══ Supplied records ══

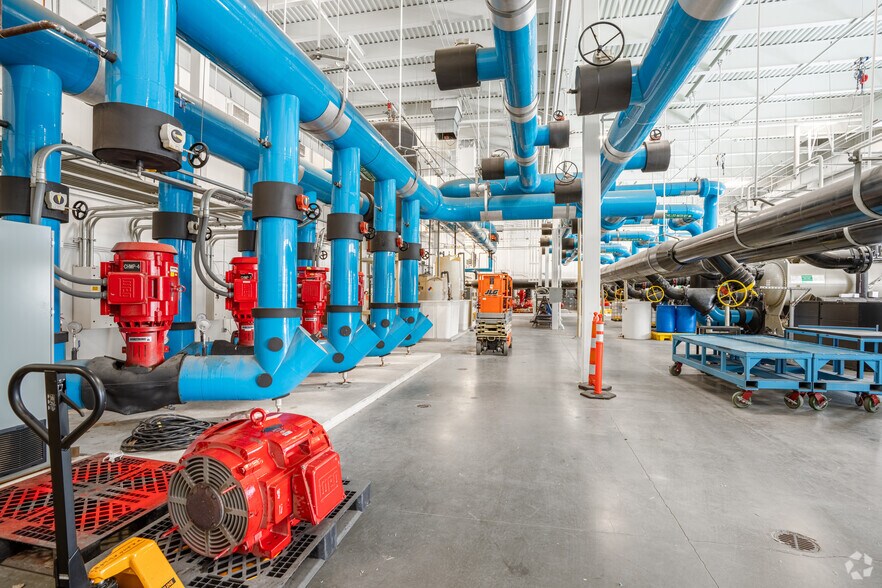 More Photos Of 2700 S Saginaw Rd, Midland Manufacturing For Sale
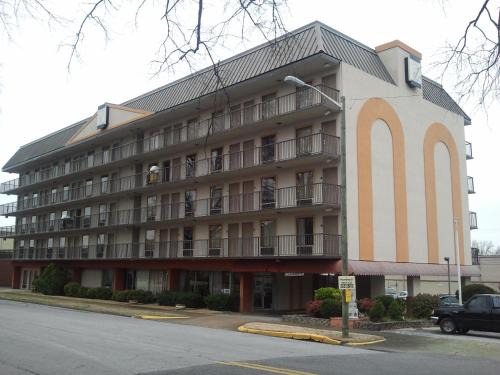 Decatur Hotel | Studio 9 Inn & Suites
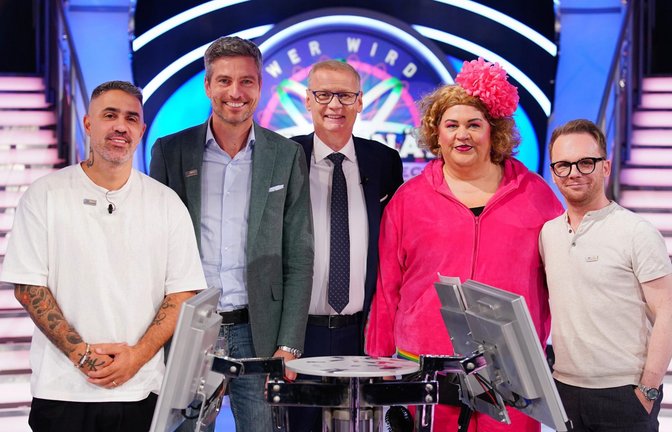 Am 21.11. kehrt "Wer wird Millionär" für ein Promi-Special zurück. V.l.: Bushido, Ingo Zamperoni, Günther Jauch, Cindy aus Marzahn und Ralf Schmitz<span class='image-autor'>Foto: RTL / Stefan Gregorowius</span>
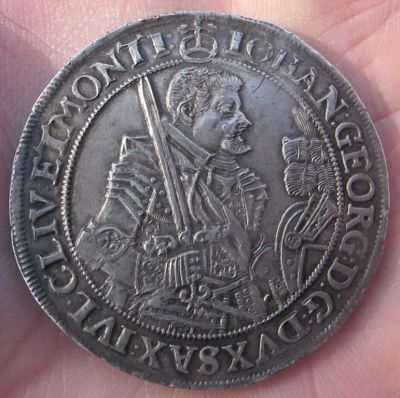 Лот: 10669363. Фото: 1. серебряный талер 1632 года, в... Другое (антиквариат)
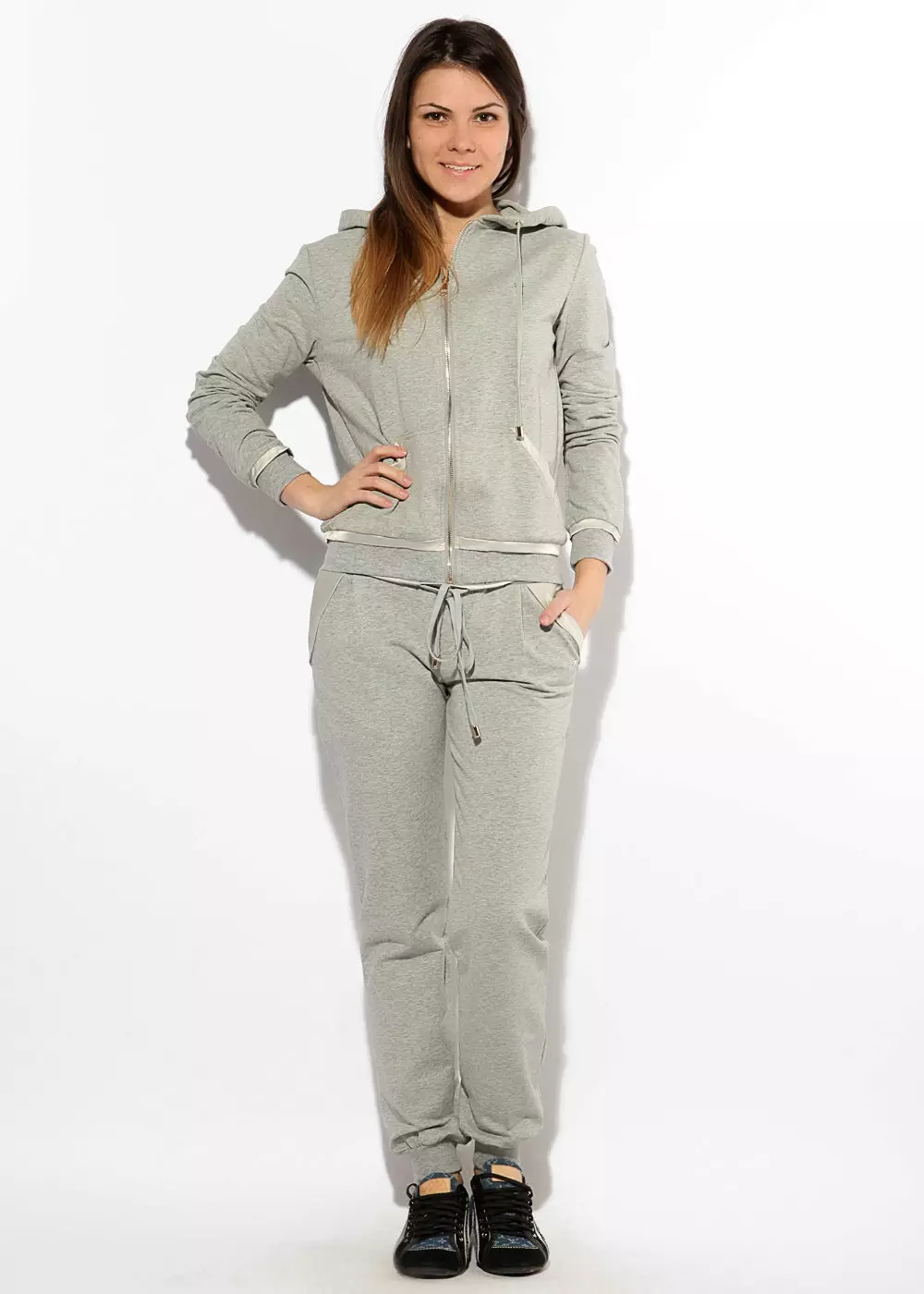 Jin Suit Sports Warm (68 wêne): Kincek germkirî ya sê, mezinan û mezinên zarokan, ji adidas 1390_33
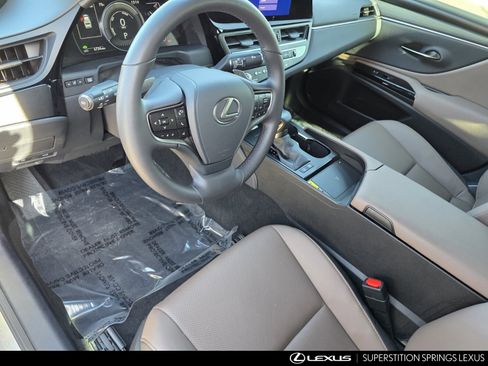 Certified 2025 Lexus ES 300h w/ Premium Package image 14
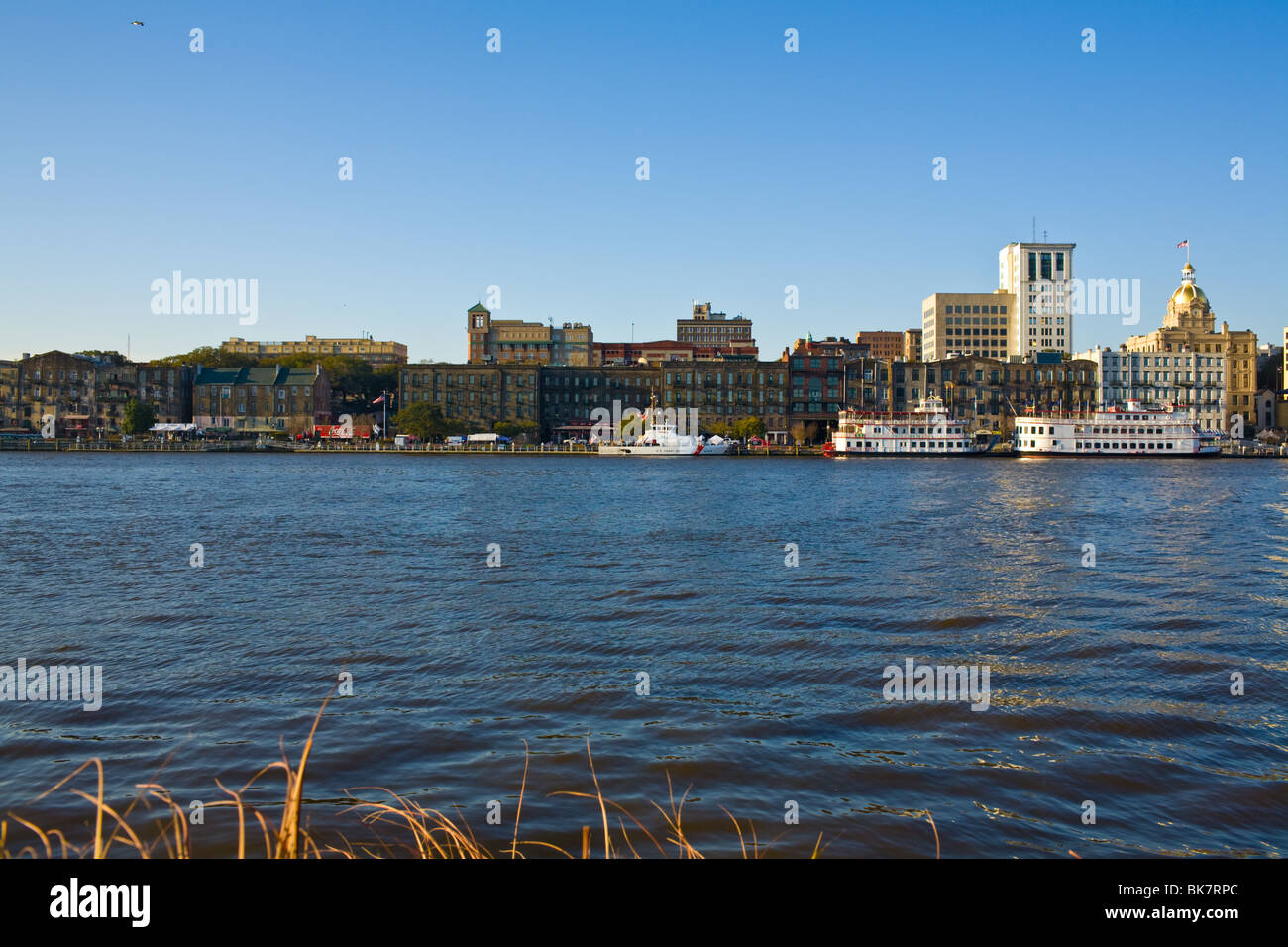 Downtown skyline Savannah, Georgia, sitting on Savannah River Stock Photo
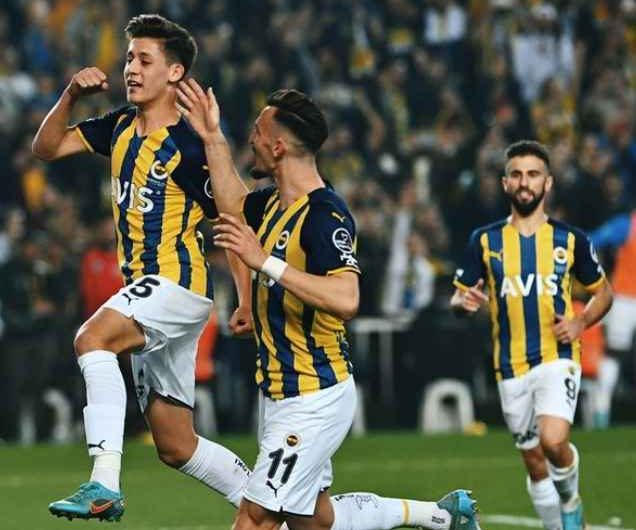 Calciomercato: tre giocatori del Fenerbahce nel mirino di Giuntoli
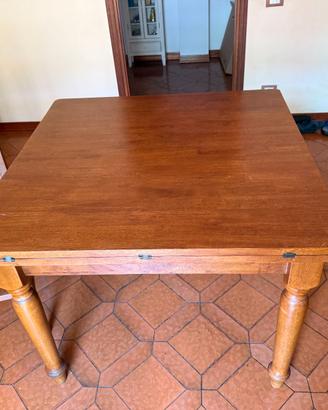 Tavolo cm. 100x100  e  4 sedie in legno.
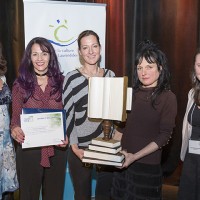 Photo :  Lucien Lisabelle; 1-	Me Nancy Wilson, présidente du comité dons et commandites chez Desjardins; Liza Poulin et Marie-Claude Collin, conseillères municipales à la Ville de Blainville, lauréate du Prix Municipalité; l’artiste Geneviève Oligny et son œuvre intitulée Le chemin parcouru; Janie Dumas-Jasmin, administratrice au CCL.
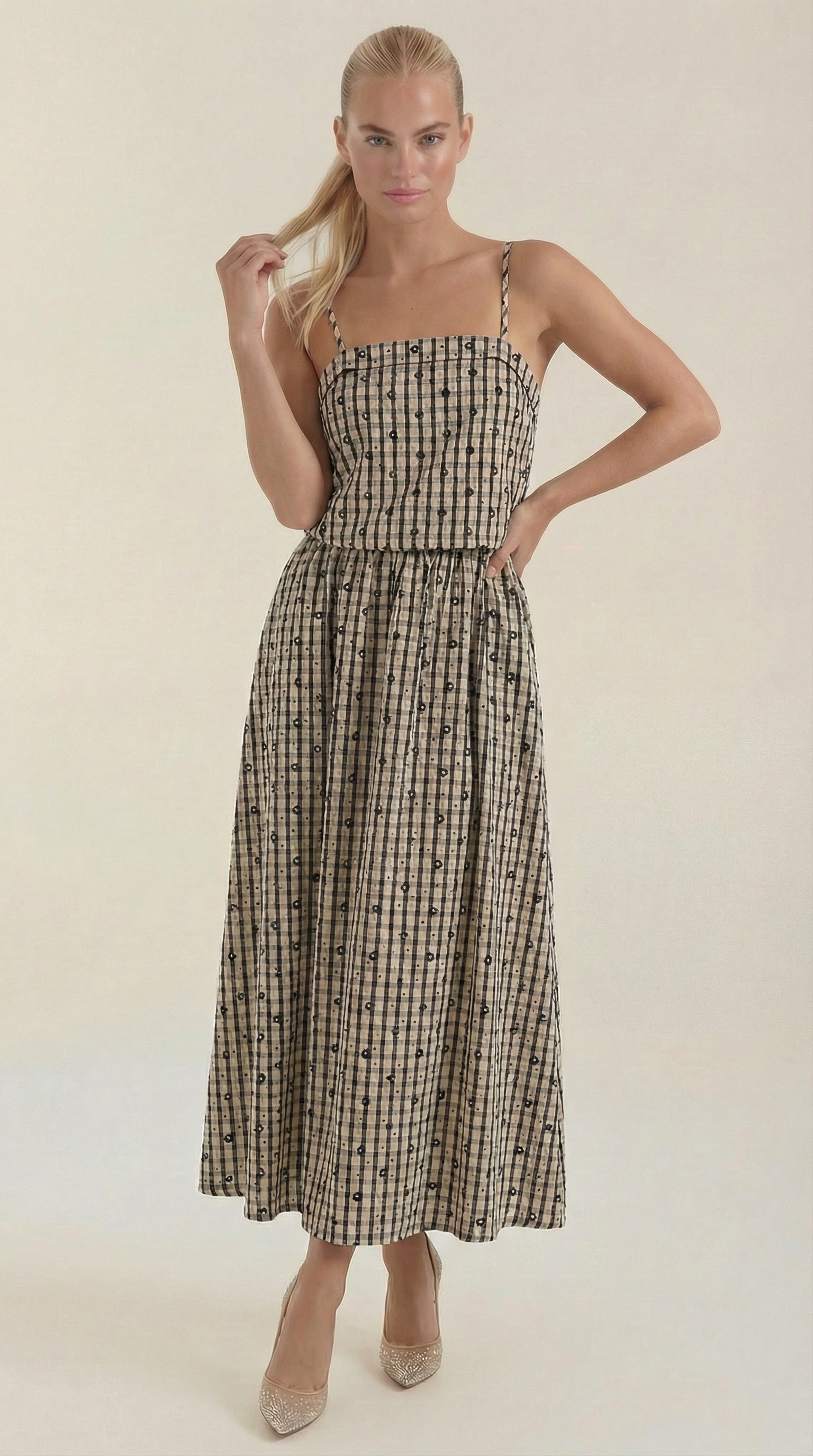 Vestido Midi Ronda de Verano a Cuadros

═══

- _What you have to do_
Write out the data word for word. Any picture is to be skipped.

- _Exercise output_
 More Photos Of 2700 S Saginaw Rd, Midland Manufacturing For Sale
 Decatur Hotel | Studio 9 Inn & Suites
 Am 21.11. kehrt "Wer wird Millionär" für ein Promi-Special zurück. V.l.: Bushido, Ingo Zamperoni, Günther Jauch, Cindy aus Marzahn und Ralf Schmitz<span class='image-autor'>Foto: RTL / Stefan Gregorowius</span>
 Лот: 10669363. Фото: 1. серебряный талер 1632 года, в... Другое (антиквариат)
 Jin Suit Sports Warm (68 wêne): Kincek germkirî ya sê, mezinan û mezinên zarokan, ji adidas 1390_33
 Certified 2025 Lexus ES 300h w/ Premium Package image 14
 Downtown skyline Savannah, Georgia, sitting on Savannah River Stock Photo
 Calciomercato: tre giocatori del Fenerbahce nel mirino di Giuntoli
 Tavolo cm. 100x100  e  4 sedie in legno.
 Photo :  Lucien Lisabelle; 1-	Me Nancy Wilson, présidente du comité dons et commandites chez Desjardins; Liza Poulin et Marie-Claude Collin, conseillères municipales à la Ville de Blainville, lauréate du Prix Municipalité; l’artiste Geneviève Oligny et son œuvre intitulée Le chemin parcouru; Janie Dumas-Jasmin, administratrice au CCL.
 Vestido Midi Ronda de Verano a Cuadros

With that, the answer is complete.